"Parabéns cordiais ao clero português pela elevação ao cardinalato de um dos seus membros, o Sr. D. Américo, bispo do Porto...
O que é de facto, ligeiramente, civilmente, experimentalmente, um cardeal?
Conhecem a célebre definição de caranguejo, segundo o dicionário de Morais - Peixinho vermelho que anda às arrecuas?
O cardeal é peixe por mutismo, porque o cardeal não fala ou fala em latim - o que é um modo erudito de estar calado.
O cardeal anda às arrecuas, seguindo à risca a letra dos dogmas em direcção oposta às demonstrações da ciência...
O cardeal, finalmente, é vermelho, tão vermelho como o caranguejo, posto que em condições menos árduas, porque o cardeal é vermelho em crú, ao passo que o caranguejo só avermelha cozido."
Eis aqui a forma analógica de pensar a que me referi no post anterior, e que é própria da cultura católica, expressa da forma mais bronca possível por um dos mais broncos intelectuais portugueses de todos os tempos - Ramalho Ortigão (in As Farpas). Talvez muito mais do que o cardeal que procura ridicularizar, Ramalho faz prova de ser um católico dos quatro costados.
Poder-se-à, porém dizer que todos os intelectuais portugueses são broncos, ou que todos os cardeais são como o caranguejo? Não, há de tudo.
O pensamento analógico, porque procura encontrar semelhanças naquilo que é realmente diferente, incorre sempre num enorme risco de raciocínio, que é o da generalização indevida. Pelo contrário, o pensamento protestante, que procura descortinar a diferença naquilo que é igual, tem precisamente o seu forte na capacidade de generalização. Uma vez dividido o mundo em duas classes A e B, qualquer elemento de A é igual a qualquer outro, e o mesmo se diga dos elementos de B.

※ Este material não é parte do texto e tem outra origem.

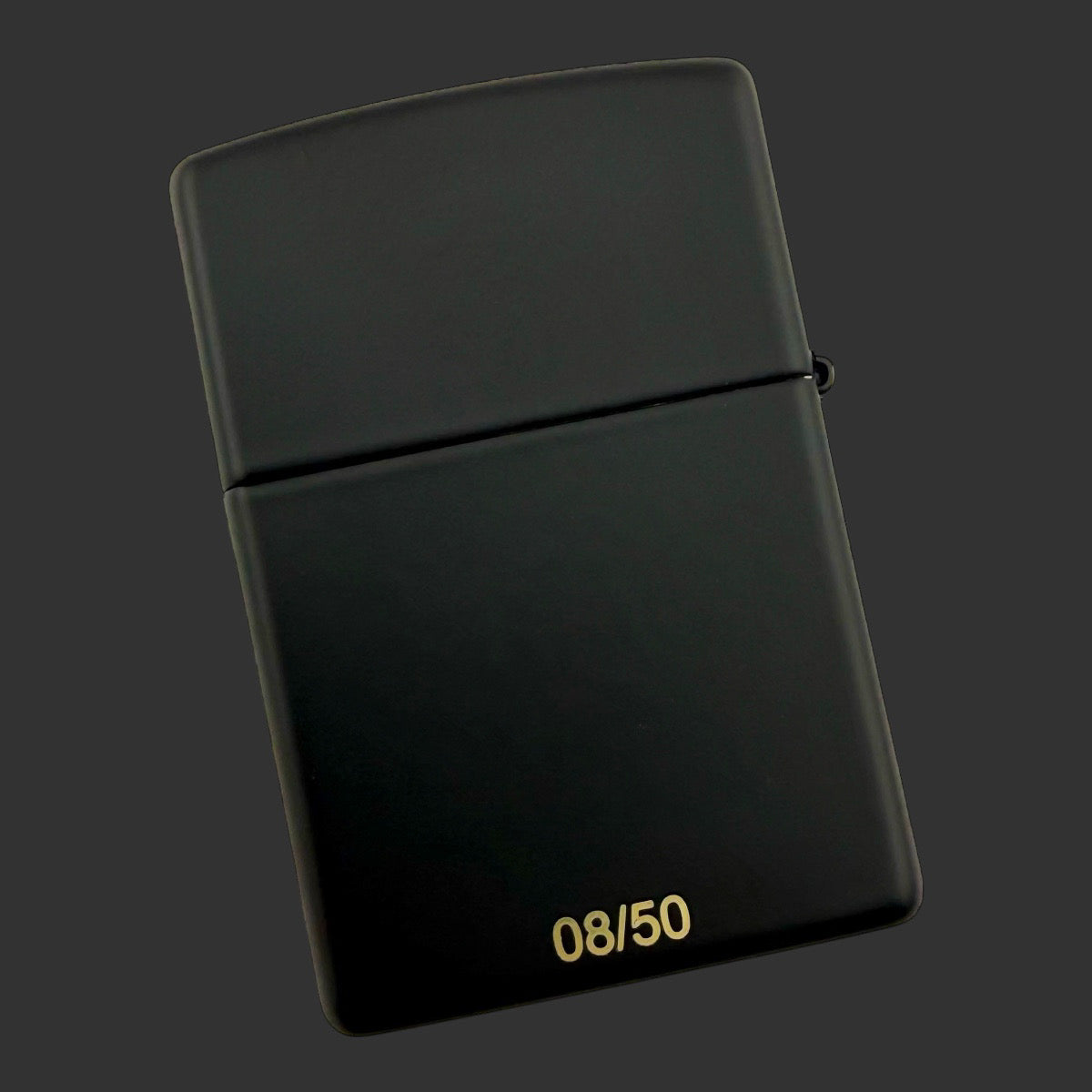 Original Riley's 66 Zippo Lighter - Vintage TV - 08/50 - Black Matte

A generalização é o caminho próprio do intelecto protestante. Pelo contrário, a individualização é o caminho próprio do intelecto católico. A generalização conduz à abstracção; a individualização à concretização.
Não é fácil pôr um homem de cultura católica a debater um assunto sério com um homem de cultura protestante. As suas respectivas mentes funcionam de modo totalmente diferente. Mas enquanto a questão se mantiver no domínio da palavra, e se forem ambos pessoas de boa-fé, acabará por prevalecer o católico, porque é dele a cultura racional, não a do protestante. Pelo contrário, se o debate se converte em violência, aí ganha o protestante que pode ser de uma brutalidade incrível, arrasa tudo.

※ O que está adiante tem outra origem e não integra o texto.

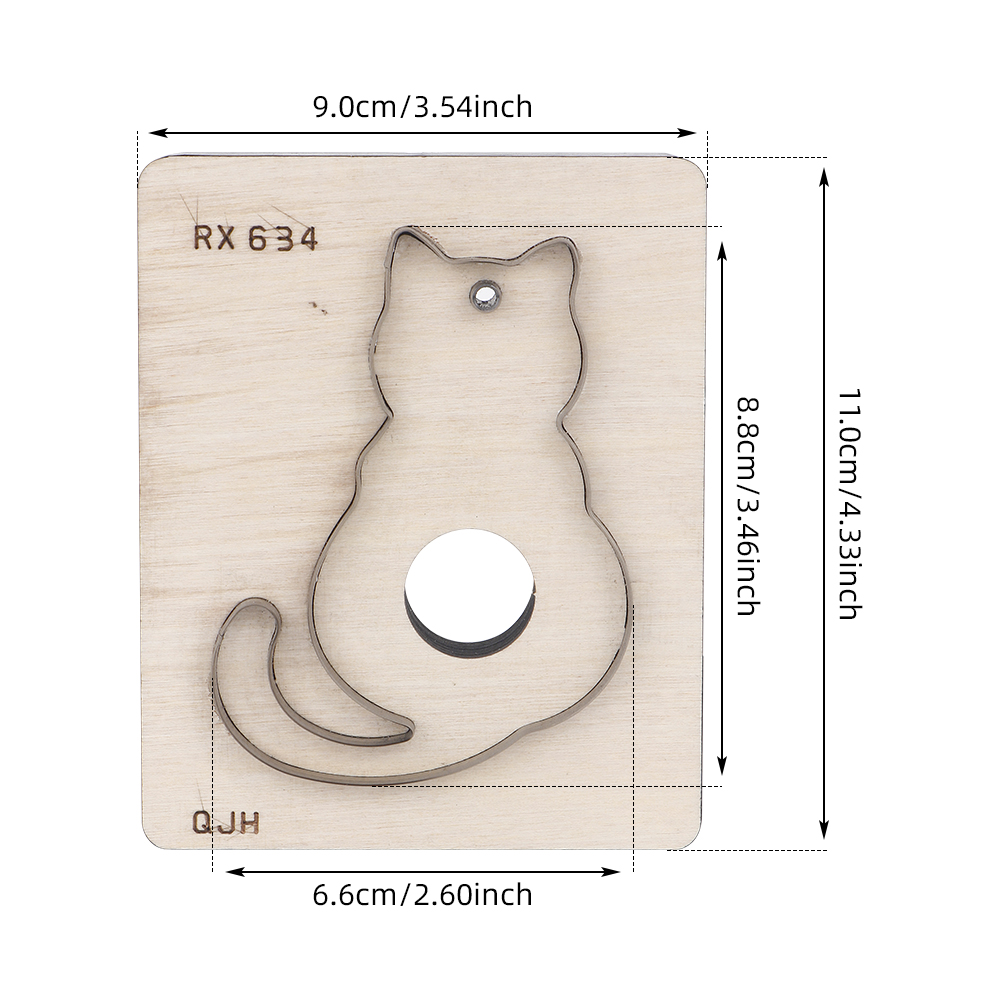1pc レザー手作りスタンピングカッティングダイモールド、猫 - Leatherwork Templates のレビューと価格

Seria bom que as discussões no seio da UE acerca do Euro se mantenham no domínio da palavra. E aí o argumento racional (católico) é que, sendo países com cultura diferente (primeiro passo: a aceitação da diferença), os PIGS precisam de uma moeda diferente, e assim defender a saída dos PIGS da Zona Euro (segundo passo: a reconciliação).

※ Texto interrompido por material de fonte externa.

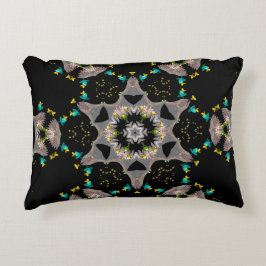 Almofada Decorativa Calidoscópio Noturno de Veludo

Se deixamos isto nas mãos dos protestantes, o raciocínio que eles fazem não é o mesmo. Vão dizer que os PIGS são iguais aos outros (primeiro passo: a aceitação da igualdade), e depois vão estabelecer a diferença: aquilo que eles são é uma trupe de irresponsáveis e mandriões que não merecem qualquer consideração e precisam de ser castigados (segundo passo: a decoberta da diferença).